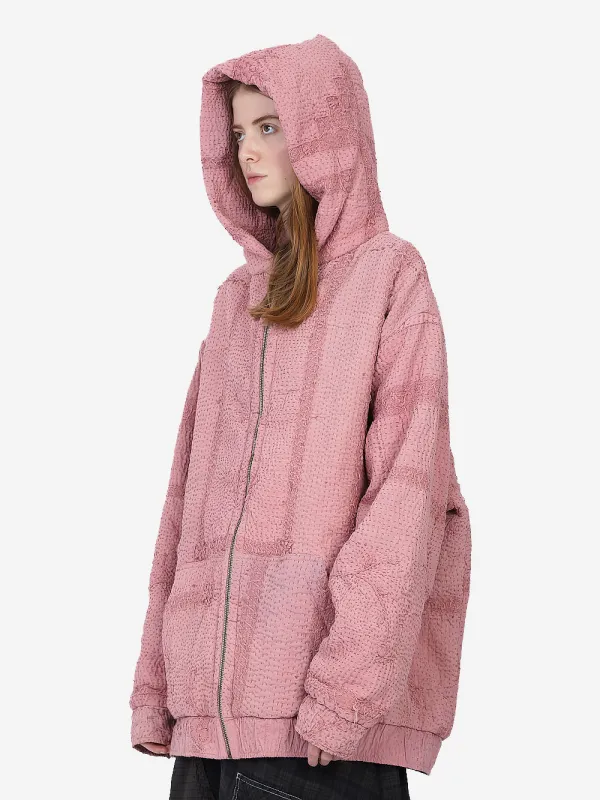 Wadded Venetian Backed Lace Zip Hoodie sold by By Walid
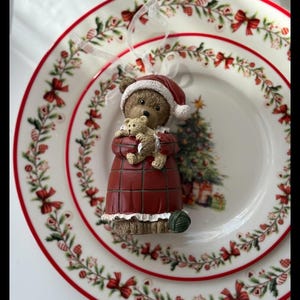 Christmas Teddy Bear Ornament – Vintage Style Holiday Figurine with Plush Toy, Hanging Polystone Decoration (12×6.5 cm) – Choose Your Design image 5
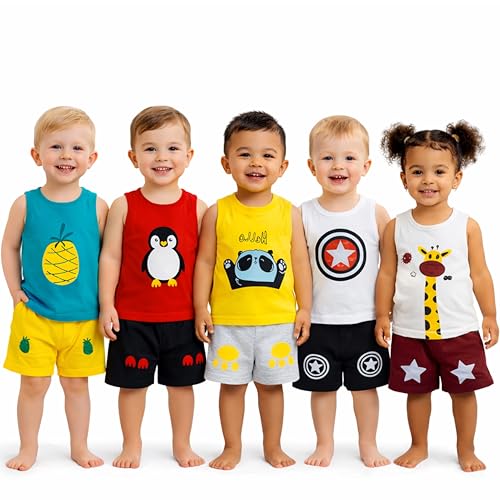 Fareto Baby Boys & Girls Summer Wear T -shirt & Shorts Set | Dres Clothing Set (Pack of 5) (3-4 Years) - Image 1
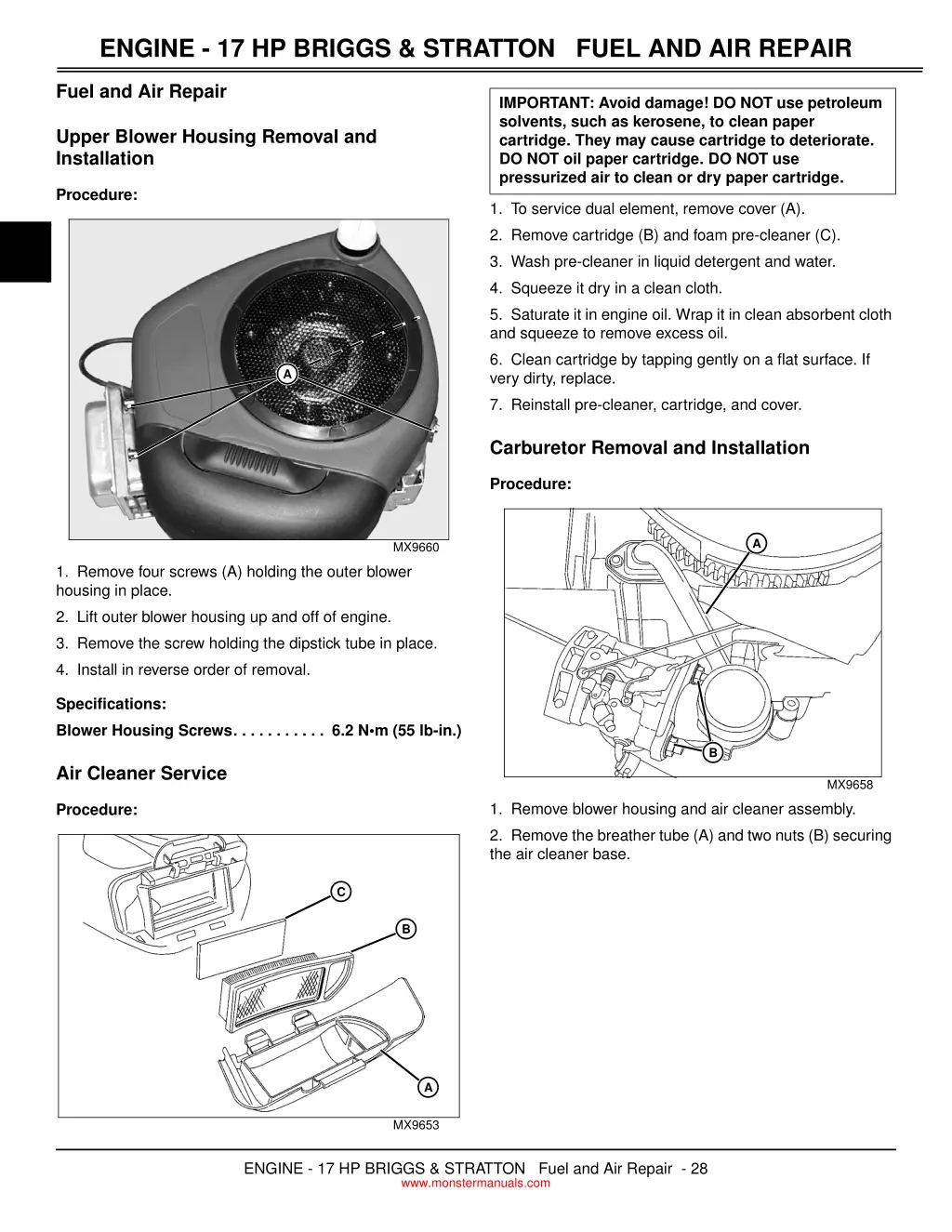 engine 17 hp briggs stratton fuel and air repair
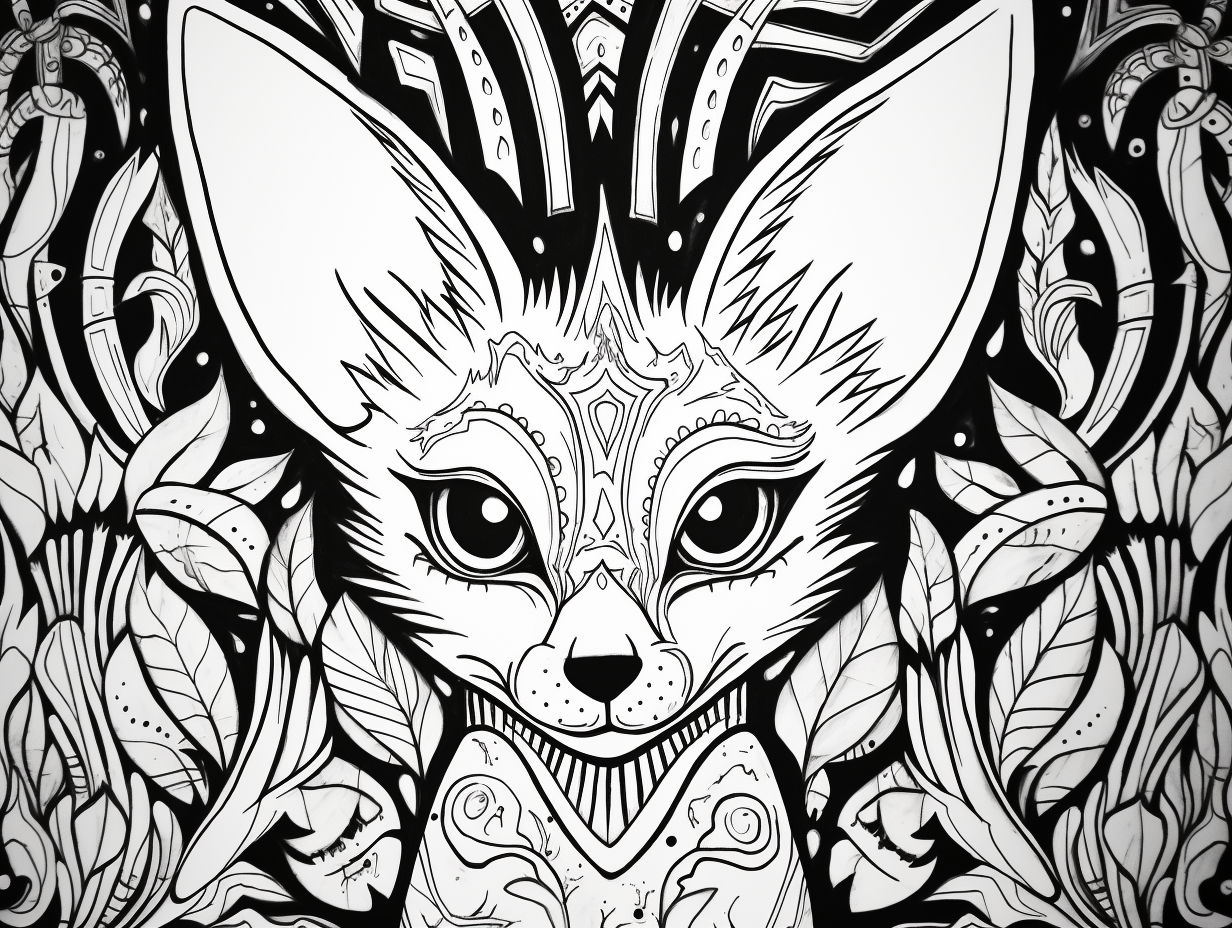 illustration of Fennec fox dreamland coloring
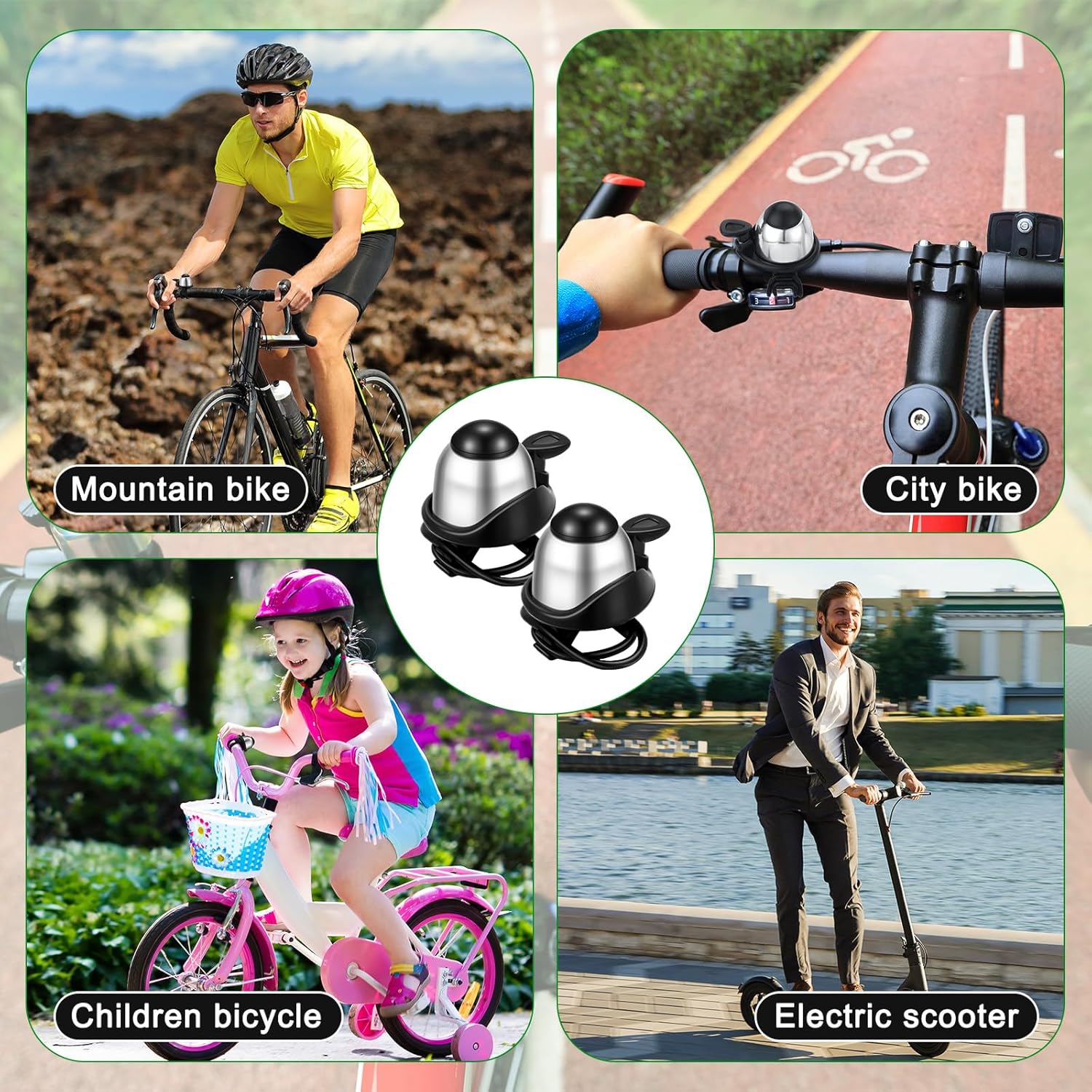 2 Pack Bicycle Bell - Compact & Loud - Mini Bike Bell for Road Bike Mountain Bike E-Bike - Silver - Image 7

[GOAL OF THE EXERCISE] Please restate each entry exactly, but drop any picture it holds.

[YOUR SOLUTION]
 Wadded Venetian Backed Lace Zip Hoodie sold by By Walid
 Christmas Teddy Bear Ornament – Vintage Style Holiday Figurine with Plush Toy, Hanging Polystone Decoration (12×6.5 cm) – Choose Your Design image 5
 Fareto Baby Boys & Girls Summer Wear T -shirt & Shorts Set | Dres Clothing Set (Pack of 5) (3-4 Years) - Image 1
 engine 17 hp briggs stratton fuel and air repair
 illustration of Fennec fox dreamland coloring
 2 Pack Bicycle Bell - Compact & Loud - Mini Bike Bell for Road Bike Mountain Bike E-Bike - Silver - Image 7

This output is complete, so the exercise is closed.